Where is the Work?
Published by Colin Wiles on Monday, December 17th, 2012 at 08:10 am
The principal objective of the government’s welfare reforms is “to make work pay”. A laudable aim, but one that raises a question that has rarely been asked: where is the work?
The current unemployment rate in the UK is 8.5% or 2.5 million. But according to the ONS, around 3 million workers are under-employed - that’s 3 million people who want to work longer hours but their employers simply do not have enough work to go around.
The latest impact assessment from the DWP claims that 300,000 people in England will be encouraged back into work as a result of Universal Credit.
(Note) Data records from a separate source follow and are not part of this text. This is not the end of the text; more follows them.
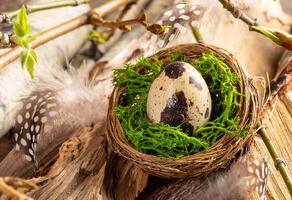 Quail egg in nest with green moss, twigs with spring leaves, feathers on old driftwood. Easter card. photo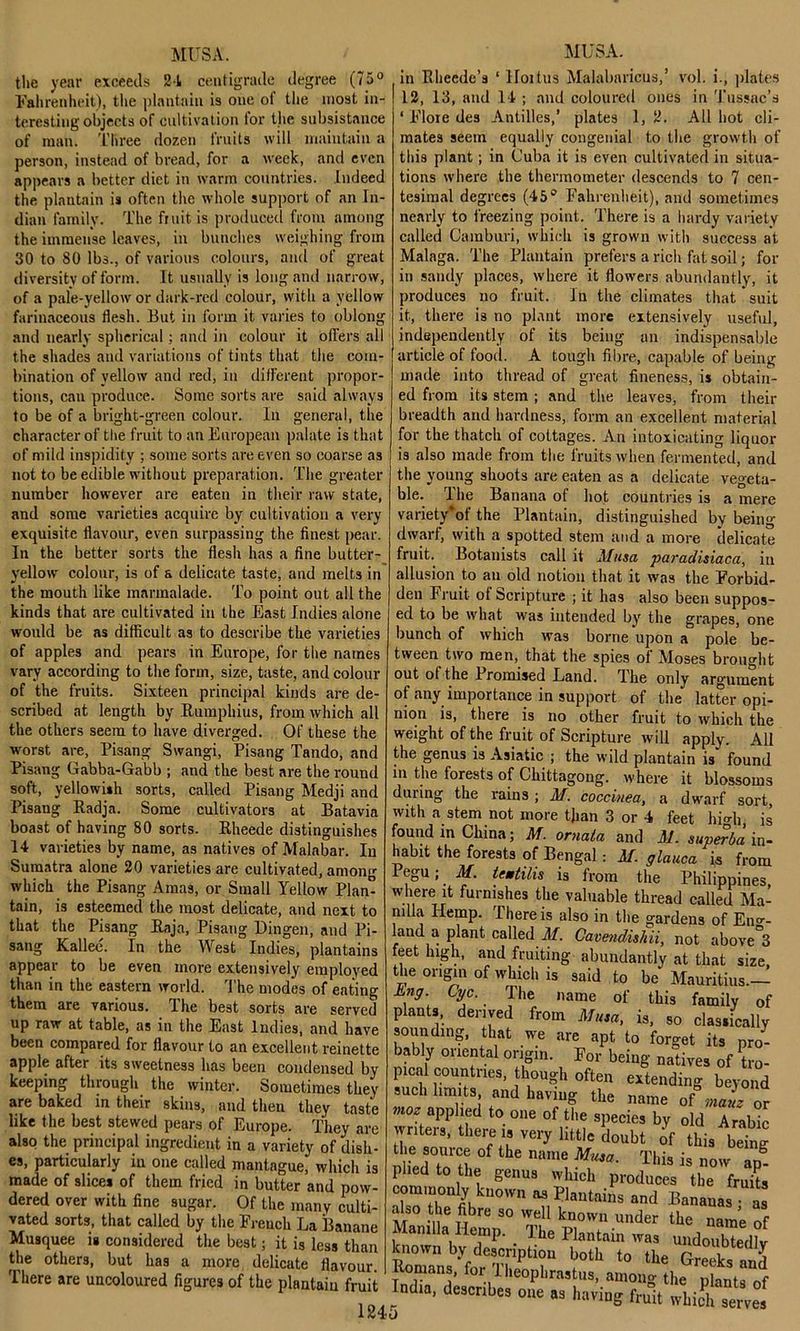 Fahrenheit), the plantain is one of the most in- teresting objects of cultivation tor the subsistance of man. Three dozen fruits will maintain a person, instead of bread, for a week, and even appears a better diet in warm countries. Indeed the plantain is often the whole support of an In- dian family. The fruit is produced from among the immense leaves, in bunches weighing from 30 to SO lbs., of various colours, and of great diversity of form. It usually is long and narrow, of a pale-yellow or dark-red colour, with a yellow farinaceous flesh. But in form it varies to oblong and nearly spherical; and in colour it offers all the shades and variations of tints that the com- bination of yellow and red, in different propor- tions, can produce. Some sorts are said always to be of a bright-green colour. In general, the character of the fruit to an European palate is that of mild inspidity ; some sorts are even so coarse as not to be edible without preparation. The greater number however are eaten in their raw state, and some varieties acquire by cultivation a very exquisite flavour, even surpassing the finest pear. In the better sorts the flesh has a fine butter- yellow colour, is of a delicate taste, and melts in the mouth like marmalade. To point out all the kinds that are cultivated in the East Indies alone would be as difficult as to describe the varieties of apples and pears in Europe, for the names vary according to the form, size, taste, and colour of the fruits. Sixteen principal kinds are de- scribed at length by Rumphius, from which all the others seem to have diverged. Of these the worst are, Pisang Swangi, Pisang Tando, and Pisang Gabba-Gabb ; and the best are the round soft, yellowish sorts, called Pisang Medji and Pisang Radja. Some cultivators at Batavia boast of having 80 sorts. Rheede distinguishes 14 varieties by name, as natives of Malabar. In Sumatra alone 20 varieties are cultivated, among which the Pisang Amas, or Small Yellow Plan” tain, is esteemed the most delicate, and next to that the Pisang Raja, Pisang Bingen, and Pi- sang Kallee. In the West Indies, plantains appear to be even more extensively employed than in the eastern world. The modes of eating them are various. The best sorts are served up raw at table, as in the East Indies, and have been compared for flavour to an excellent reinette apple after its sweetness has been condensed by keeping through the winter. Sometimes they are baked in their skins, and then they taste like the best stewed pears of Europe. They are also the principal ingredient in a variety of dish- es, particularly in one called mantague, which is made of slices of them fried in butter and pow- dered over with fine sugar. Of the many culti- vated sorts, that called by the French La Banane Musquee is considered the best; it i8 lea* than the others, but has a more delicate flavour There are uncoloured figures of the plantain fruit 1245 12, 13, and 14 ; and coloured ones in 'J'ussac’s ‘ Flore des Antilles,’ plates 1, 2. All hot cli- mates seem equally congenial to the growth of this plant; in Cuba it is even cultivated in situa- tions where the thermometer descends to 7 cen- tesimal degrees (45° Fahrenheit), and sometimes nearly to freezing point. There is a hardy variety called Camburi, which is grown with success at Malaga. The Plantain prefers a rich fat soil; for in sandy places, where it flowers abundantly, it produces no fruit. In the climates that suit it, there is no plant more extensively useful, independently of its being an indispensable article of food. A tough fibre, capable of being made into thread of great fineness, is obtain- ed from its stem ; and the leaves, from their breadth and hardness, form an excellent material for the thatch of cottages. An intoxicating liquor is also made from the fruits when fermented, and the young shoots are eaten as a delicate vegeta- ble. The Banana of hot countries is a mere variety‘of the Plantain, distinguished by being dwarf, with a spotted stem and a more delicate fruit. Botanists call it Musa paradisiaca, in allusion to an old notion that it was the Forbid- den Fruit of Scripture ; it has also been suppos- ed to be what was intended by the grapes, one bunch of which was borne upon a pole be- tween two men, that the spies of Moses brought out ot the Promised Land. The only argument of any importance in support of the latfer opi- nion is, there is no other fruit to which the weight of the fruit of Scripture will apply. All the genus is Asiatic ; the wild plantain is found in the forests of Chittagong, where it blossoms during the rains ; M. coccinea, a dwarf sort, with a stem not more than 3 or 4 feet hi°di is found in China; M. ornata and M. super da lu- ll31^ the forests of Bengal: M. glauca is from Pegu; M. teatilis is from the Philippines, where it furnishes the valuable thread called Ma- nilla Hemp. There is also in the gardens of En°-- land a plant called If. Cavendishii, not above°3 feet high, and fruiting abundantly at that size the origin of which is said to be* Mauritius— i °Va'■ The name of tLis family of plants, derived from Musa, is, so classically sounding, that we are apt to forget its pro- bably onental origin. For being natives of tro- pical countries, though often extending beyond such limits and having the name of\naL or }>ioz applied to one of the species by old Arabic writers, there is very little doubt of this being nlied'To H ° ^ nam i Mu3a- T^s is now ap- phedto the genus which produces the fruits commonly known as Plantains and Bananas as also the fibre so well known under the name of Manilla Hemp. . The Plantain was undoubtedly known by description both to the Greeks and Romans, for Theophrastus, among the plants of ^ndia, describes one as having fruit whidi serves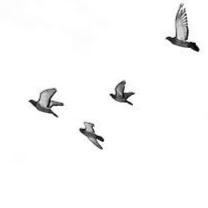 Joyce Jansen Photo 12
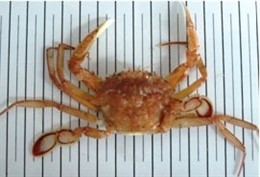 Investigación CSIC Falsa Nécora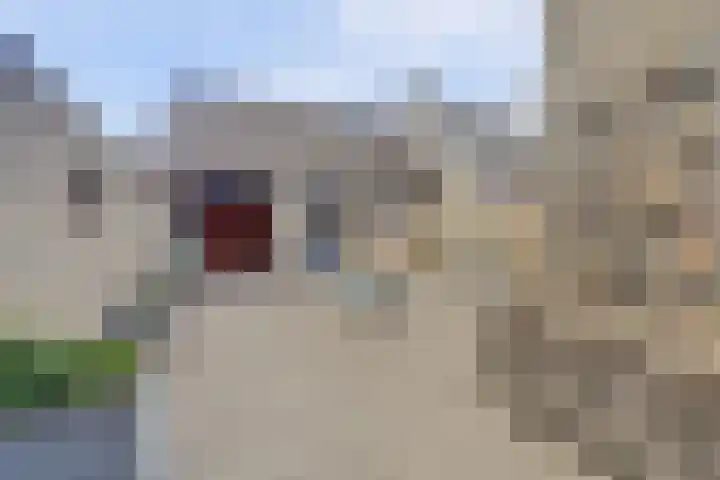 Kievitstraat 10 Reusel thumbnail 31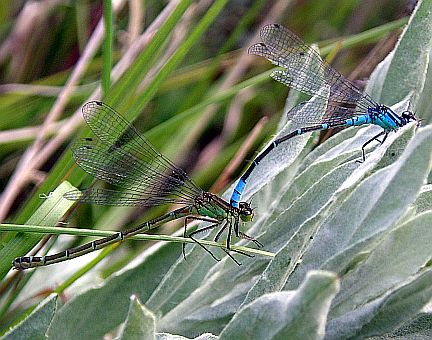 Male (blue) and female (green) Prairie Bluets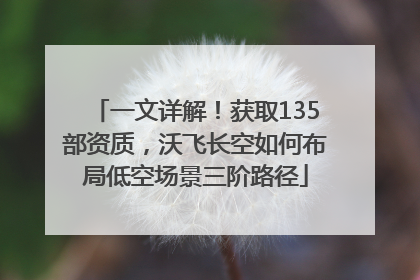 一文详解！获取135部资质，沃飞长空如何布局低空场景三阶路径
Assuming a similar proportion of claimants returning to work in Scotland and Wales we can guess that around 350,000 people will be re-entering the workplace if the governement has its way - that represents more than half the total number of Eastern European workers in the UK.
The simple laws of supply and demand suggest that several things will happen as a result of this change. Firstly, there will be more workers chasing the same amount of work, making it even more difficult to land a stable and secure job. For those in work, there will be even fewer hours available, so the level of under-employment will rise. Finally, this "surplus army" of unemployed and underemployed labour will suppress wage rises even further. That means frozen wages and salaries, more unpaid interns and, as rents, goods and services increase in price, more people forced to claim benefits. It’s a vicious circle.
It seems to me that pushing the unemployed back into the labour market at a time of austerity, and with no prospect of economic growth in the near to medium term, could have consequences that have not been fully thought through. We know already that most of the increase in the housing benefit bill is down to working tenants. The impact of universal credit could have the same paradoxical impact – an increase in the benefit bill and an even greater burden on taxpayers. Watch this space.